Decoder LSTM loss not improving

Skumarr53 · April 19, 2020, 4:20pm

I am traning the LSTM decoder for caption generation. My problem is, the loss is not converging as iterations progress instead it reduces in the first epoch then goes up little and remains there.

lr_finder plot:

learn.freeze() # freezing encoder 
learn.fit_one_cycle(10,5e-4,moms=(0.8,0.7))

loss plot:

Here is my decoder part with attention network

    [Dropout(p=0.5, inplace=False),
     Attention(
       (enc_att): Linear(in_features=2048, out_features=512, bias=True)
       (dec_att): Linear(in_features=512, out_features=512, bias=True)
       (att): Linear(in_features=512, out_features=1, bias=True)
       (relu): ReLU()
       (softmax): Softmax(dim=1)
     ),
     Embedding(4025, 300),
     LSTM(2560, 512),
     Linear(in_features=2048, out_features=512, bias=True),
     Linear(in_features=2048, out_features=512, bias=True),
     Linear(in_features=512, out_features=2048, bias=True),
     Sigmoid(),
     Linear(in_features=512, out_features=4025, bias=True),
     Linear(in_features=300, out_features=512, bias=True)]
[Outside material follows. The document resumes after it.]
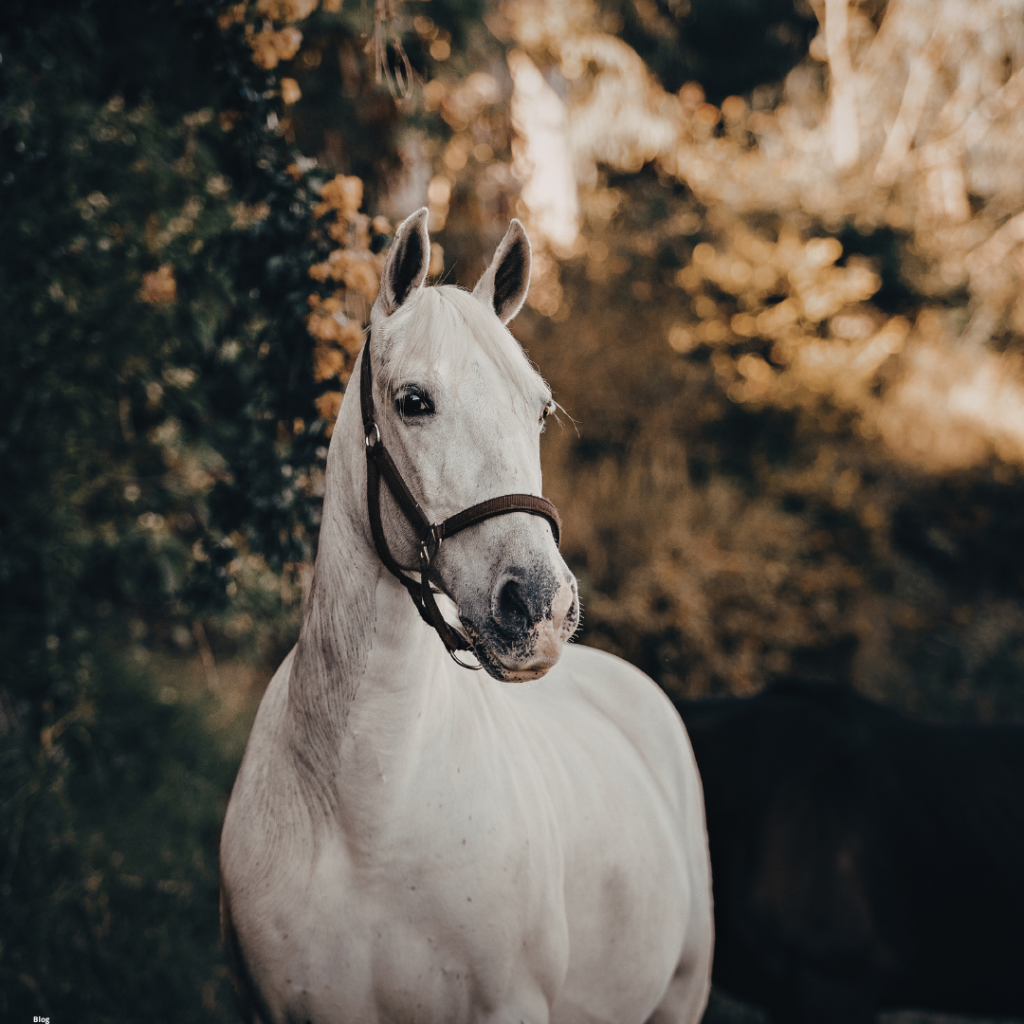 Le Cadre Noir de Saumur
decoder parameter distribution for different epochs:

I’m struggling to understand what is causing this behavior. Also, looking for some workaround suggestions.

cdparks · April 22, 2020, 4:36pm

Can you provide more detail about the problem and your model? What type of regularization are you using? Have you tried dropping the lr to 1e-6?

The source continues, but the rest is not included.